Piloted by Nissan’s first GT Academy winner Lucas Ordonez in the SP8T class, together with Kazunori Yamauchi, Yasukichi Yamamoto and Tobias Schulze, the production GT-R not only finished the notoriously difficult race with amazing pace but with impeccable reliability too.
Nissan was out to test the reliability and durability of the GT-R, in particular its engine, transmission and suspension, which the car’s chief engineer Kazutoshi Mizuno previously explained will help engineers fine tune the car over the remainder of its life.
A second GT-R driven by Michael Krumm, Toshio Suzuki, Kazuki Hoshino and Tetsuya Tanaka finished 99th overall and second in the same SP8T class.

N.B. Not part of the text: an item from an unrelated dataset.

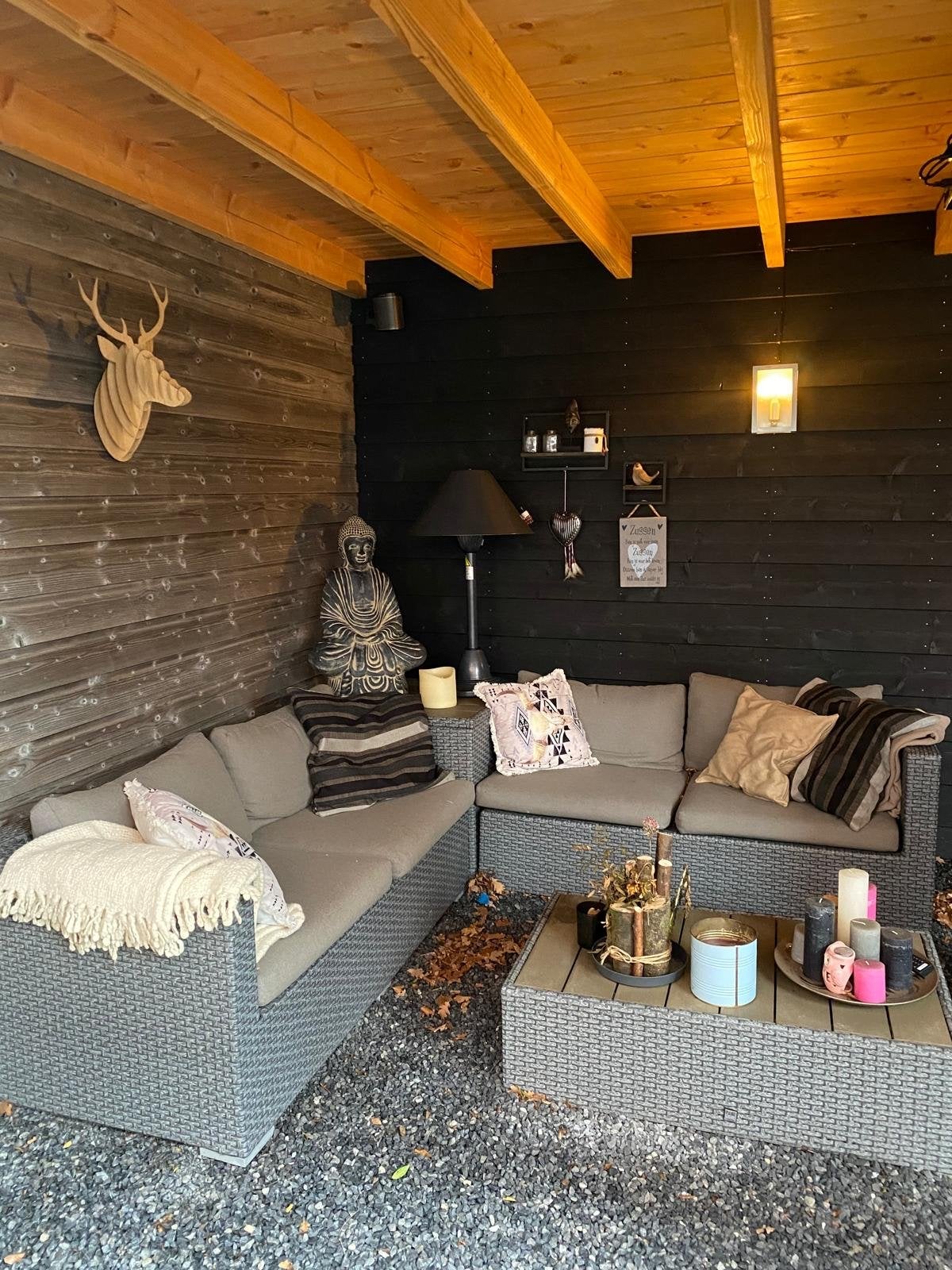 Loungeset met hoektafel en salontafel, incl. kussens, Ophalen, 4 zitplaatsen, Gebruikt, Loungeset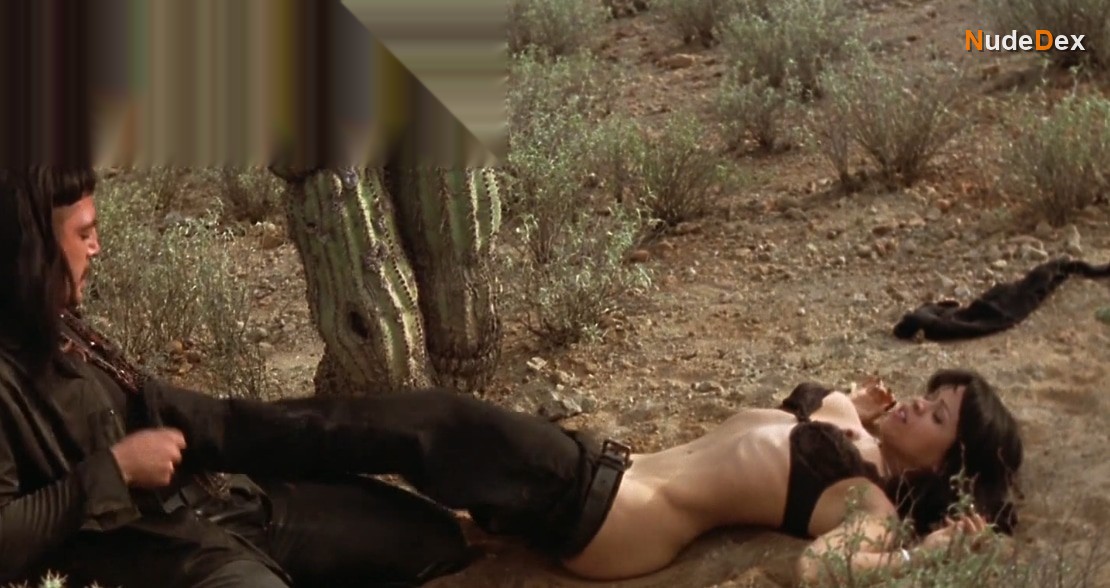 Rosie Perez in Perdita Durango, photo 2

While the pair of GT-Rs used in the Nürburgring 24 Hours were production models, they were race-ready Club Track Editions that come equipped with a stripped-out interior, some minor aero mods and a full roll cage. Their engines, transmissions and suspension, however, were all completely stock.
Speaking at the conclusion of the race, Ordonez said, “I have learnt a lot this weekend and I have a new respect for the GT-R and this amazing race track.”
Krumm added, “It is so fast for a road car, up to the pace of the GT3 cars. The performance is good and it was a lot of fun and very exciting to drive.”
The overall winner of this year’s Nürburgring 24 Hours was an Audi Sport Team Phoenix-backed R8 LMS ultra GT3 race car piloted by Marc Basseng, Christopher Haase, Frank Stippler and Markus Winkelhock.